This downward inclination means that a top surface 18 of the tunnel portion 1T or the groove portion 1G is inclined toward the downward direction Z2 as the top surface extends in the front direction X1. In a range from 0 to about 10% corresponding to a posterior end portion of the shoe sole, the tunnel portion 1T may have a downward inclination toward the front direction X1.

As shown in FIGS. 3B to 3D and 4A, the foregoing inclination changes a distance from the top surface 18 to an upper surface F1 of the midsole 1. More specifically, this inclination changes the thickness of the midsole 1 corresponding to the tunnel portion 1T or the groove portion 1G.

As shown in FIGS. 5 to 7, in this embodiment, the midsole 1 in FIG. 5 includes an upper portion 11 and a lower portion 12 vertically joined to each other in the middle foot portion 1M and the rearfoot portion 1R. As shown in FIGS. 4B and 2, the upper portion 11 may be formed by joining two members to each other.

As shown in FIG. 2, the tunnel portion 1T is provided between a lower surface 11f of the upper portion 11 and an upper surface 12f of the lower portion 12. As shown in FIGS. 4B and 4C, along a cross section of the tunnel portion 1T, a circumference of the hollow is surrounded by the upper portion 11 and the lower portion 12 (midsole 1).

As shown by the dots in FIGS. 5 to 7, the lower portion 12 in FIG. 7 is given an elongated through hole 17 extending in the front-rear direction along the groove portion 1G. The upper portion 11 in FIG. 6 is given a projecting portion 16 forming a part of the top surface 18 of the groove portion 1G. The projecting portion 16 is a projecting strip extending long in the front-rear direction. By engaging the projecting portion 16 in the through hole 17, the positions of the upper portion 11 and the lower portion 12 are determined.

The tunnel portion 1T may be formed by machining or by using a 3D printer. Meanwhile, forming the tunnel portion 1T between the vertically divided upper portion 11 and lower portion 12 will improve productivity.

The tunnel portion 1T in FIG. 2 is open toward a rear direction X2 (or diagonally rearward) on the posterior end side, and is open toward the front direction X1 (or diagonally frontward) on the anterior end side to be continuous with the groove portion 1G in the front direction X1.

Along the cross section in FIG. 4B showing the rearfoot portion 1R of the midsole 1, a centroid G of the tunnel portion 1T is arranged closer to the upper surface F1 of the midsole 1 than a lower surface F2 of the midsole 1.

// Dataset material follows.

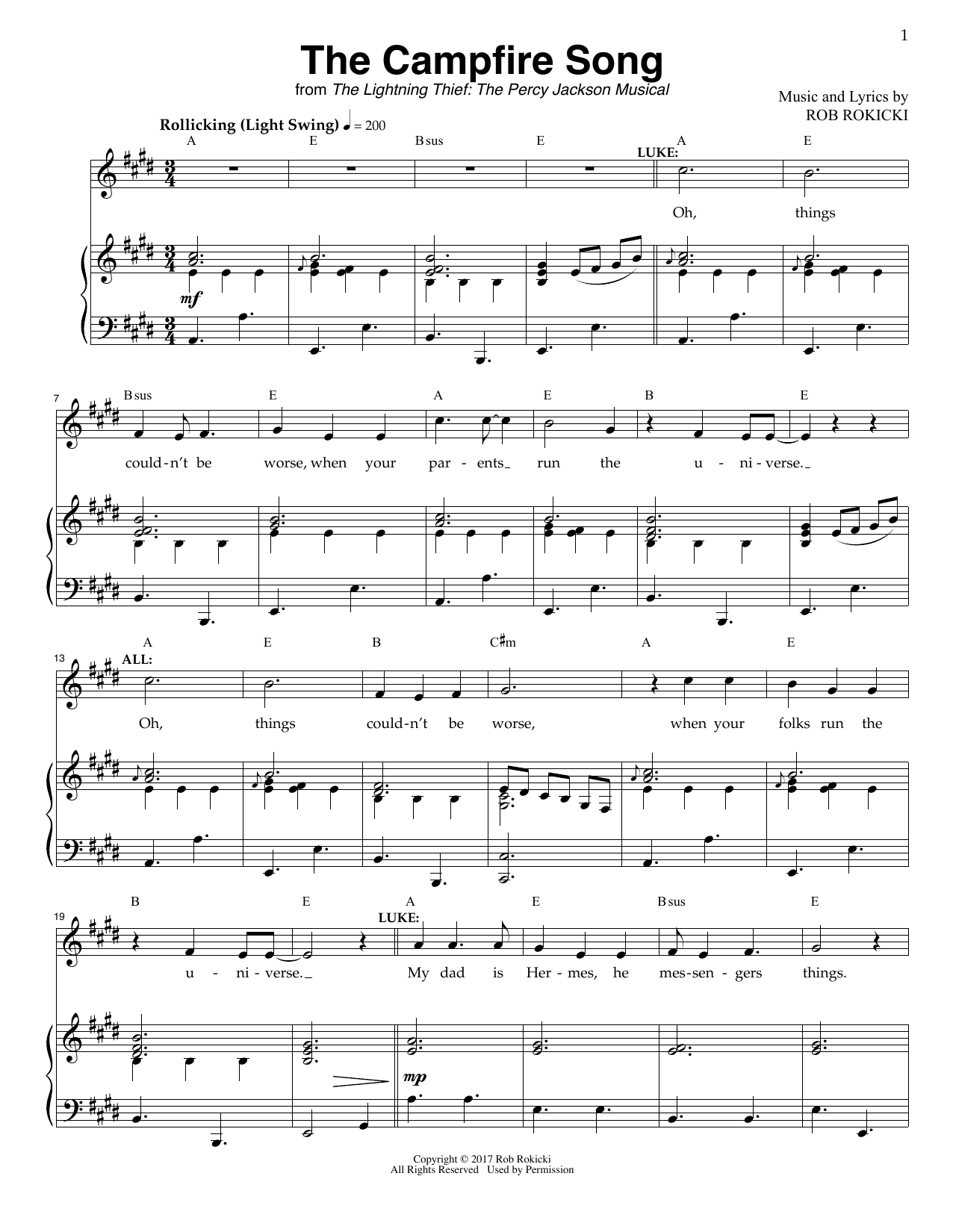 Rob Rokicki The Campfire Song (from The Lightning Thief: The Percy Jackson Musical) sheet music notes and chords. Download Printable PDF.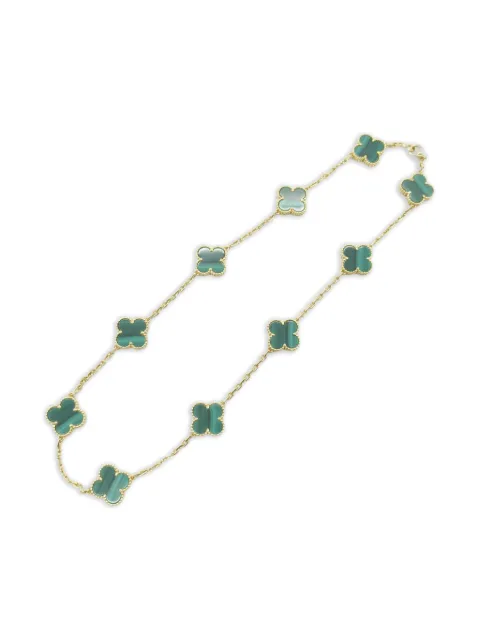 Van Cleef & Arpels 2010s 18K yellow gold Alhambra malachite necklace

A center line 1C, formed by connecting the centroids G of the tunnel portion 1T in the front-rear direction in FIG. 2, is arranged in an upper half H1 of the rearfoot portion 1R in a region more than half (exceeding 50%) of the rearfoot portion 1R in the front-rear direction.

The two-dimensional arrangement of the tunnel portion 1T or that of the groove portion 1G will be described next.

As indicated by dashes in FIG. 1, in this embodiment, the tunnel portion 1T and the groove portion 1G are arranged at a central region 15 on a medial side M and a lateral side L of the midsole 1. The central region 15 mentioned herein as a region of arrangement of the tunnel portion 1T and the groove portion 1G may cover three central areas out of five areas defined by dividing the midsole 1 uniformly into five in a width direction.

The tunnel portion 1T or the groove portion 1G is preferably arranged mostly in the central region 15. In this description, mostly means a ratio of 80% or more. The tunnel portion 1T or the groove portion 1G may be arranged on the lateral side in the rearfoot portion 1R. In this case, shock absorbency will be improved.

In this embodiment, the tunnel portion 1T and the groove portion 1G are each gently curved into an S shape. Alternatively, each of the tunnel portion 1T and the groove portion 1G may be arranged in a linear pattern. Further, while the tunnel portion 1T is curved toward the lateral side L in the posterior end portion, it may alternatively be curved toward the medial side M.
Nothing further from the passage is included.